Артистические круги несли все новые потери. 27 июля взяли пуантилиста Люса, затем — шведского художника Ивана Агели. Монмартр охватила паника: Писарро, Мирбо, писатели Поль Адам и Бернар Лазар, художники Теофиль Стейнлен и Поль Наполеон Руанар от греха подальше покинули Францию. (Жесткий контроль за богемой сохранится и после прекращения анархистского террора: через несколько лет в списки анархистов, подлежащих интернированию в лагерь в случае всеобщей мобилизации, попадет живописец Рауль Дюфи.) Закрылись все анархистские издания. Впрочем, в эпоху, когда Стефан Малларме на вопрос о Равашоле ответил, что не может «обсуждать поступки святых», рецептуру взрывчатки публиковали даже символистские журналы. Еще один символист — Адам воспел осквернение Равашолем могил: «кольца со склизких рук» графини де Рошетайе «могут на целый месяц спасти от голода семью отверженных».

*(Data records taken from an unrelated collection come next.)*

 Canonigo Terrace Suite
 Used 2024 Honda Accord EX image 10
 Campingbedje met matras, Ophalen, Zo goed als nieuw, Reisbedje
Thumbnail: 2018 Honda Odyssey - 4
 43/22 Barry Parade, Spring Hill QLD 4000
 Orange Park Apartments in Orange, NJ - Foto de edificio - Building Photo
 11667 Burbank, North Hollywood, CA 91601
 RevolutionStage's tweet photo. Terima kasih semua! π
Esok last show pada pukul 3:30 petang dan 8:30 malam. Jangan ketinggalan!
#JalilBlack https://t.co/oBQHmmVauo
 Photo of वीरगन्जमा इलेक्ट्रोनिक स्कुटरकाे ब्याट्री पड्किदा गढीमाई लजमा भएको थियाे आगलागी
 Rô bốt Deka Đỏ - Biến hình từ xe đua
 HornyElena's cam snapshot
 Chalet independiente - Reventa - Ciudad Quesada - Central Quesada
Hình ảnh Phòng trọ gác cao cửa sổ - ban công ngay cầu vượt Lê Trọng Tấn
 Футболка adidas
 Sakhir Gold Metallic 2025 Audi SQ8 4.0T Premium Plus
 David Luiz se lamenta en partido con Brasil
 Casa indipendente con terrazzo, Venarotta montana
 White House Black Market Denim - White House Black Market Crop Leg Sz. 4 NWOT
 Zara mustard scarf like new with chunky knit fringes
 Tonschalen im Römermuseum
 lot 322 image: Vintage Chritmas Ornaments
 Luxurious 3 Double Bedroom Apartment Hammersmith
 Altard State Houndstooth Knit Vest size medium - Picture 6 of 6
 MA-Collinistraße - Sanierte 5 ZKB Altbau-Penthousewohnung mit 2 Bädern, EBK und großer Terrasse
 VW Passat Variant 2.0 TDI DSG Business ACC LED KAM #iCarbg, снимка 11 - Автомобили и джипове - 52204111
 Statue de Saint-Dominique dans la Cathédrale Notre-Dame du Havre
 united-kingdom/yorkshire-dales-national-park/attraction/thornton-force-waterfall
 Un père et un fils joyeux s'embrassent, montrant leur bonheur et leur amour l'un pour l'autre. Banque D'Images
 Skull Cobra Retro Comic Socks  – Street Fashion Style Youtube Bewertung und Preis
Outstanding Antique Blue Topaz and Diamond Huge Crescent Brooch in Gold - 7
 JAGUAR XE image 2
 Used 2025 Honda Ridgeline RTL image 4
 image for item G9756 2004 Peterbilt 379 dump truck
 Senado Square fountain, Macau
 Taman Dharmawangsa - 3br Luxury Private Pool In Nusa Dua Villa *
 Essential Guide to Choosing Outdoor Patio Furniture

Декаденты, говорите, эстеты? «Башня из слоновой кости»?
* * *
6 августа Агели, Грава (повторно), Коэна (заочно), Люса, Мата, Фенеона, вывели на показательный «Процесс тридцати». По своей драматургии он предварял сталинские процессы и наследовал практике так называемых процессов-амальгам времен Великой французской революции. На одну скамью усадили девятнадцать теоретиков анархии и, дабы скомпрометировать анархизм, одиннадцать «иллегалистов» — уголовников, подводивших под грабежи идейную базу. По версии властей, одержимых теорией заговора, это и был законспирированный центр, адский генштаб, стоявший за всеми покушениями.
Фенеон в ожидании суда коротал время в камере за переводом «Нортенгерского аббатства» Джейн Остин. Не знакомый с ним лично Таде Натансон, выдающийся коллекционер и издатель, нанял ему адвоката Эдгара Деманжа, златоуста, добившегося в 1870 году оправдания князя-убийцы Бонапарта (35), будущего защитника Дрейфуса.
«Вы анархист, мсье Фенеон?» — «Нет, я бургундец, рожденный в Турине». Отвечая на первый же вопрос обвинителя Леона Жюля Бюло, фанатичного анархо-борца, Фенеон перехватил инициативу и превратил слушания в интеллектуальный цирк. Цирк, в котором он рисковал головой.
«Вас видели беседующим с анархистами под уличным фонарем». — «Не будете ли вы так любезны уточнить, где именно находится это „под фонарем“?»
Когда Бюло, прервав заседание, умчался в ванную — кто-то прислал ему пакет с дерьмом, — Фенеон констатировал: «Со времен Понтия Пилата мир не видел судьи, столь демонстративно умывающего руки».
Фенеон убедил суд, что детонаторы нашел на улице его покойный отец, ртуть пригодна для изготовления не только бомб, но и термометров с барометрами, а подозрительные личности, которые, как стукнул консьерж, посещали его, — писатели и художники.